One has to assume that the limits exist and von Mises postualtes this rather than explains it. Some sequences don't have limits. Imagine a sequence that has long stretches where the frequency is $\frac{1}{3}$ followed by long stretches where the frequency is $\frac{2}{3}$, repeated ad nauseum.

**Vices of frequentism, con't**

Von Mises postulated that the limiting relative frequency is not changed by passing to subsequences. (See von Mises 1957 pp. 23-25, 28-29, 65).

Let $\Omega =\{0,1\}$ i.e. a single flip of tails and heads. Let $\Omega' = \{00, 01, 10, 11\}$, i.e. two flips of heads and tails. Let $g(m)=f(2m)$. 

Then under the assumption that all the relevant limits exist one has:

$P_{g}(\{1\}) = \lim_n \frac{\left|\{m\leq n: f(2m)=1\}\right|}{n}$

$\hspace{15mm} = \lim_n \frac{\left|\{m\leq n: f(2m)=1, f(2m+1)=0\}\right|}{n}$

$\hspace{20mm} + \lim_n \frac{\left|\{m\leq n: f(2m)=1, f(2m+1)=1\}\right|}{n}$

$\hspace{15mm} = P'_{f'}(\{10\})+ P'_{f'}(\{11\})$

$\hspace{15mm} = \frac{1}{4}+\frac{1}{4} = \frac{1}{2}\hspace{10mm}$  ($\star$)

where $f'(m) = f(2m)f(2m+1)$. 

The reason for ($\star$) is philosophical: if $P_f$ succeeded in getting the fair measure on $\Omega$, then $P'_{f'}$ should suceed in being the fair measure on $\Omega'$.

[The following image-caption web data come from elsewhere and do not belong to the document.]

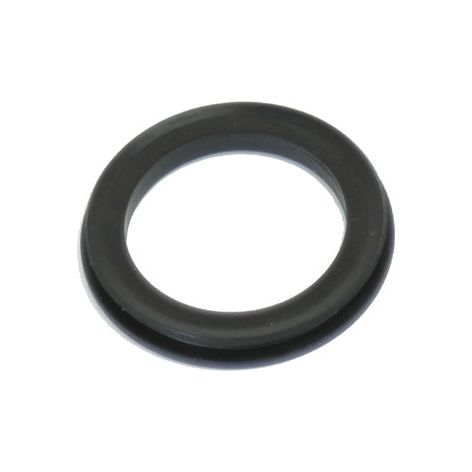 A Sparex Spindle Seal, compatible with Ford/New Holland, isolated on a white background.
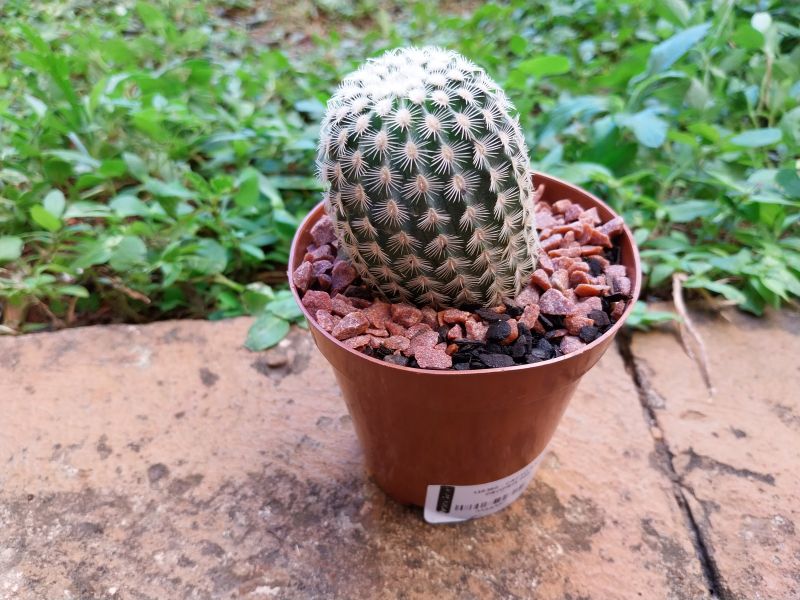 Foto de un cactus que se está identificando actualmente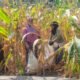 Semangat Ketahanan Pangan, Bhabinkamtibmas Polsek Banggae Panen ki Jagung Bersama Kelompok Tani Bunga Pussu
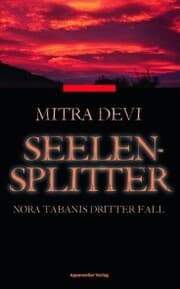 Cover von Seelensplitter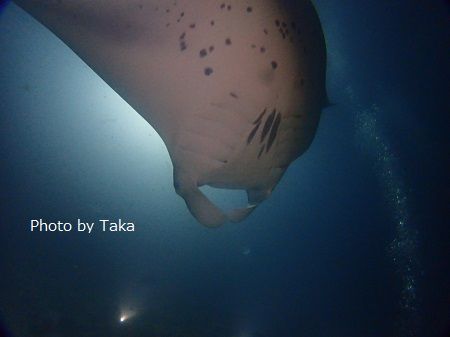 14.4taka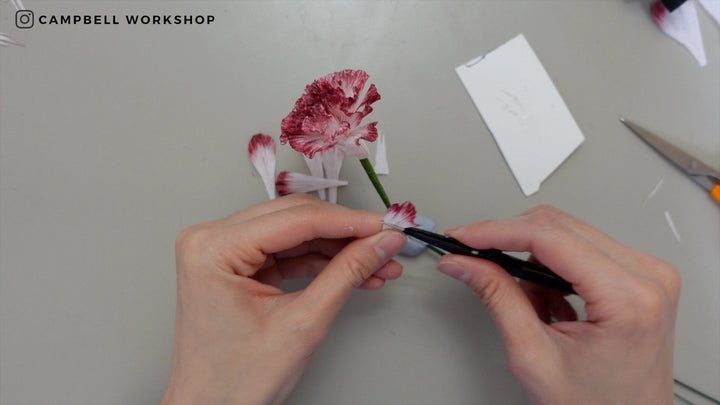 Campbell Workshop Paper Flower Craft Kit - Carnations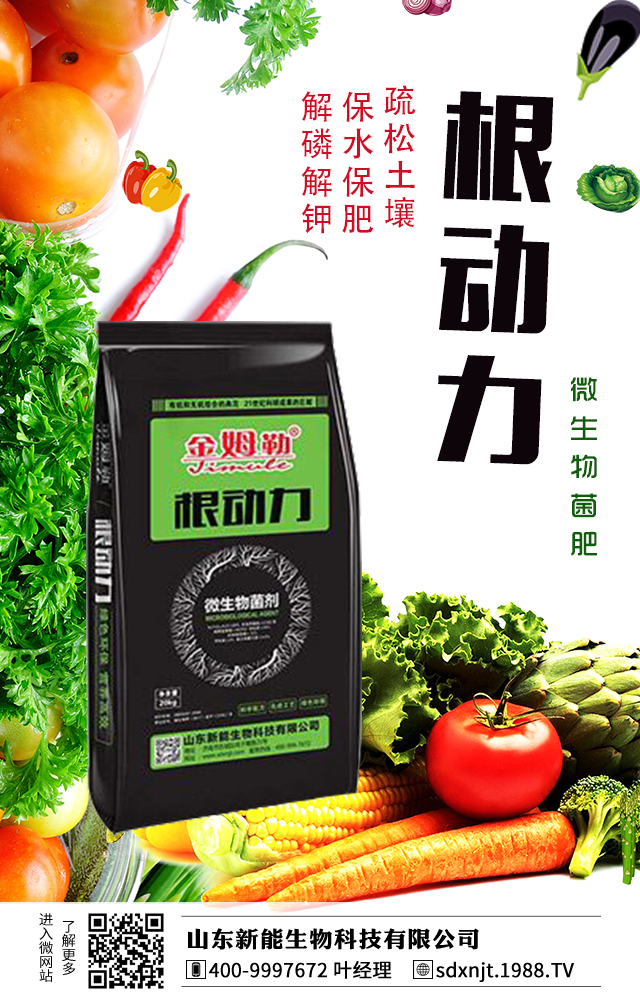 �R��������������νo�R���ʩ�ʣ�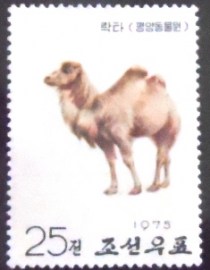 Selo postal da Coréia do Norte de 1975  Bactrian Camel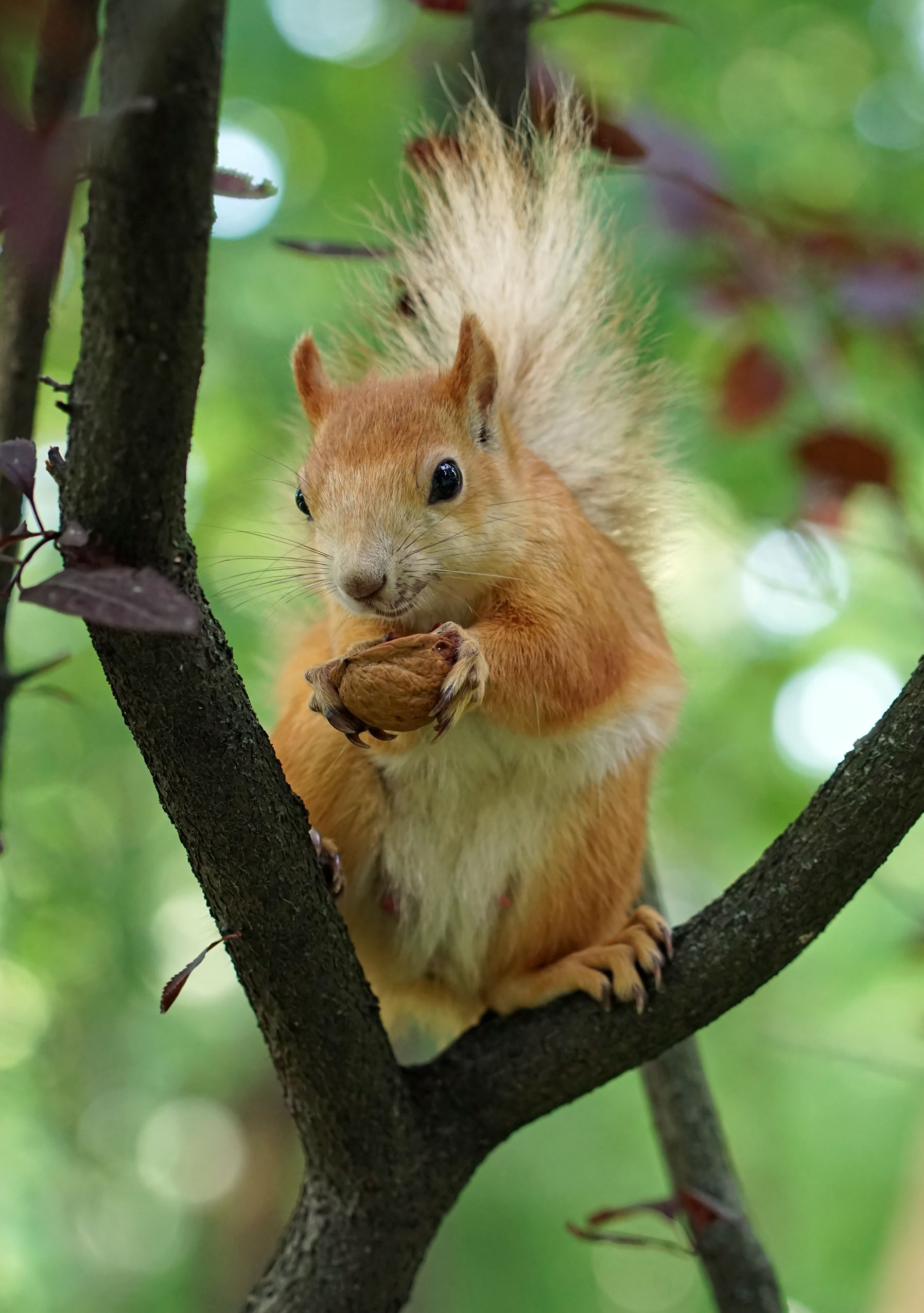 Белка, Чепленко Алексей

See Van Lambalgen 1987 pp. 36-37.

**Subjective Bayesianism**

De Finetti described his own view as *subjectivism*, but it is now usually called just *Bayesianism* or perhaps sometimes *subjective Bayesianism*. 

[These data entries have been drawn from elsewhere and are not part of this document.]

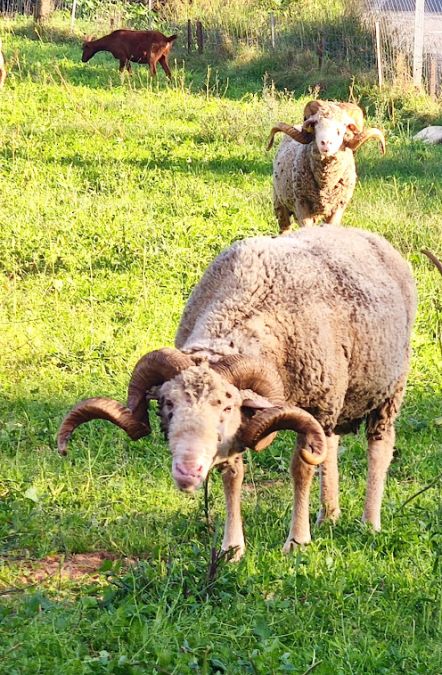 Bormes, les Janets, vallon de la Berle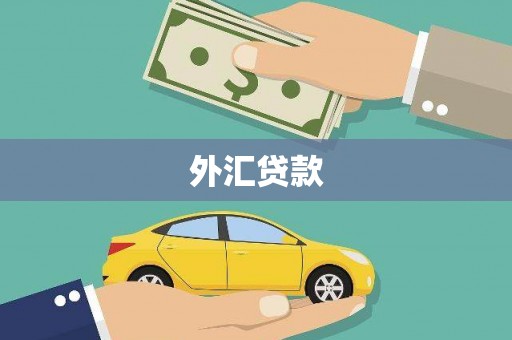 沧源外汇贷款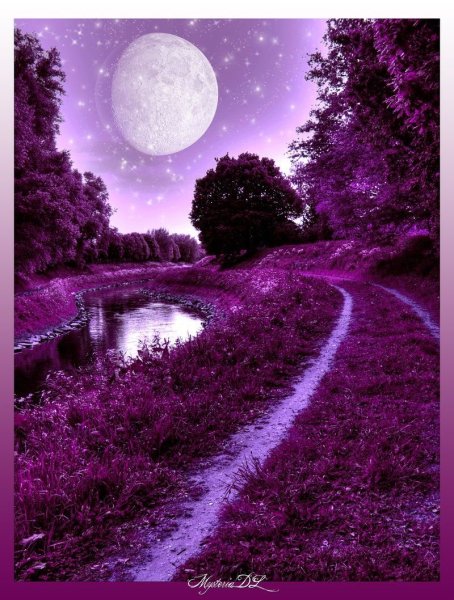 Красивый фиолетовый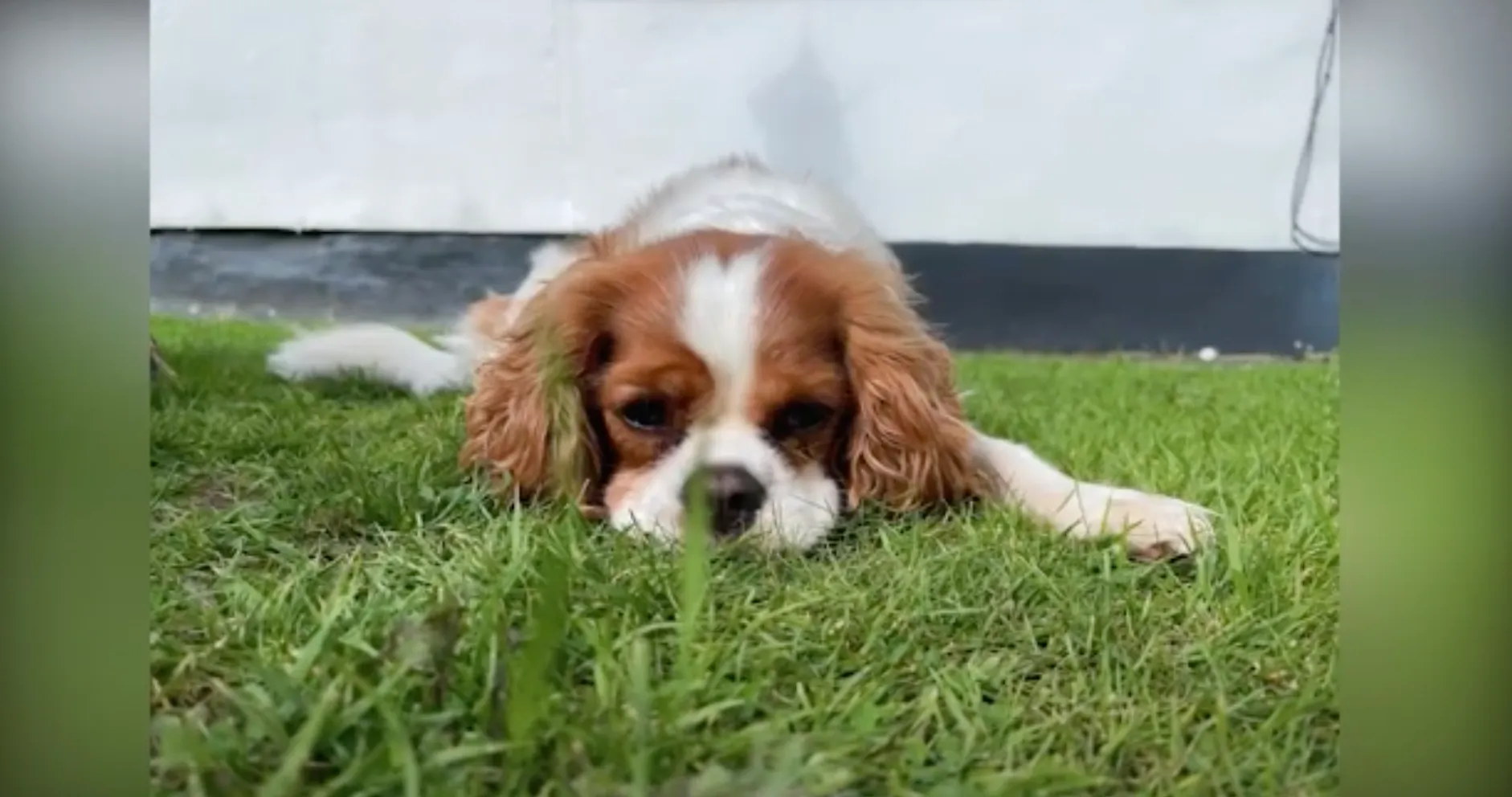 Cesar Gamio's 60-Second Reset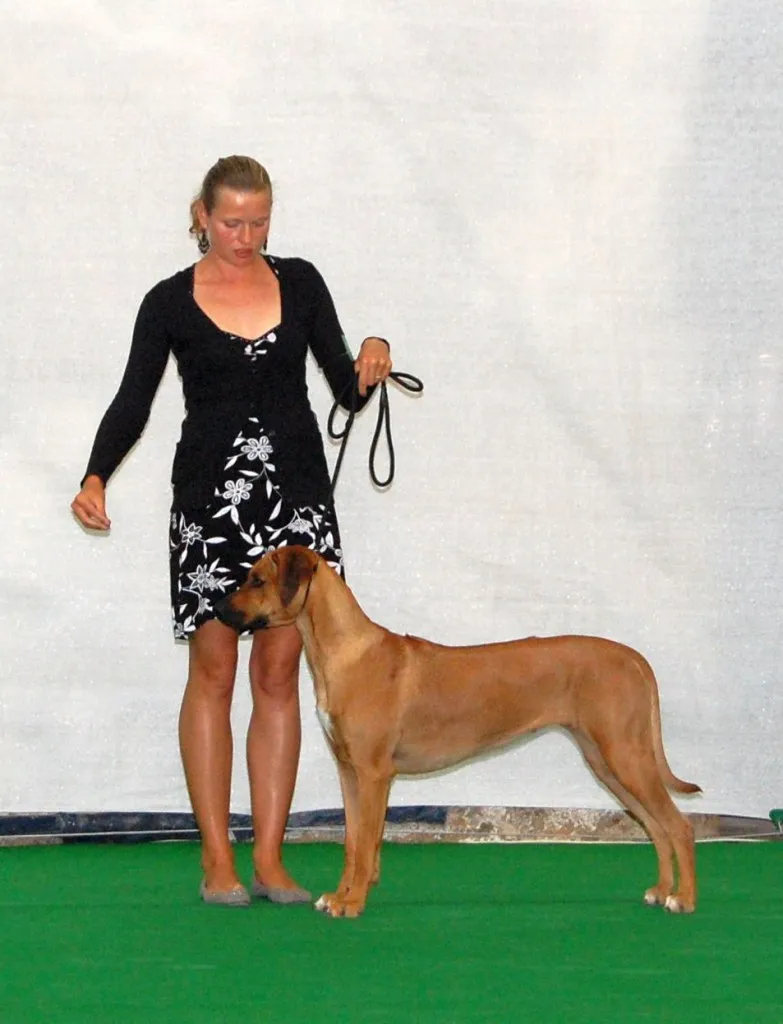 Dog show in Malta — photo 2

The basic idea is that probabilities are just degrees of confidence or degrees of belief: they are reflective of the subjective evaluations of agents.

Different subjective Bayesians will differ in terms of how they understand the "reflectiveness", and can range the gamut from pyschologically real states of agents to the best way to understand from an external point of view the bevahior of an agent.

**de Finietti vs. von Mises**

Both von Mises and de Finetti were primarily concerned to give a scientifically acceptable account of probability. 

Von Mises is often counted as a member of the Vienna circle.

Similarly, de Finetti speaks of his motivation as stemming from a view that "Every notion is only a word without meaning so long as it is not known how to verify practically any statement at all where this notion comes up ..." (De Finetti 1964 p. 148).

For von Mises, probability was appropriately scientific because "the relative frequency of the repetition is the 'measure' of probability, just as the length of a column of mercury is the 'measure' of temperature" (Von Moses 1957 p. vi).

For de Finetti, probability was operationalized in terms of human belief.

**Virtues of subjective Bayesianism**

There are arguments from betting behavior (Dutch books) that one's degrees of belief satisfy the probability axioms, if one acts in an appropriately rational manner.

Similarly, in the finite case, there are arguments from accuracy, to the effect that any violations of the laws of probability would make one's credences less close to the truth than they otherwise could be.

These are really subjects for another course. 

**Vices of subjective Bayesianism**

It is harder to see how one is going to get relative frequences to emerge out of this (if one thought that was a good thing). But Bayesians have some things to say about this (exchangeability)

The Bayesian updating procedure has a hard time with the problem of "old evidence": namely the problem of how to account for how a theory's ability to explain an old already-updated-upon piece of evidence lends credence to the theory.